## WHAT YOU WILL DO
The records below should be copied in full, exactly as shown.

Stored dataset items
========================================================================
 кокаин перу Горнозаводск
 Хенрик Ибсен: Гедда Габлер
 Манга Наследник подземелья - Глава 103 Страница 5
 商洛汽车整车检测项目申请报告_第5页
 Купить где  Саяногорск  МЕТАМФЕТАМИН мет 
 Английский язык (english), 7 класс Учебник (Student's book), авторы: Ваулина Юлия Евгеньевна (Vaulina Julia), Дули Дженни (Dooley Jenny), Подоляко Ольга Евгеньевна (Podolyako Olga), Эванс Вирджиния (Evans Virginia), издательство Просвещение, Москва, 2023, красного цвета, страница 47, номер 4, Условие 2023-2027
========================================================================
## RESULT OF THIS TASK
 кокаин перу Горнозаводск
 Хенрик Ибсен: Гедда Габлер
 Манга Наследник подземелья - Глава 103 Страница 5
 商洛汽车整车检测项目申请报告_第5页
 Купить где  Саяногорск  МЕТАМФЕТАМИН мет 
 Английский язык (english), 7 класс Учебник (Student's book), авторы: Ваулина Юлия Евгеньевна (Vaulina Julia), Дули Дженни (Dooley Jenny), Подоляко Ольга Евгеньевна (Podolyako Olga), Эванс Вирджиния (Evans Virginia), издательство Просвещение, Москва, 2023, красного цвета, страница 47, номер 4, Условие 2023-2027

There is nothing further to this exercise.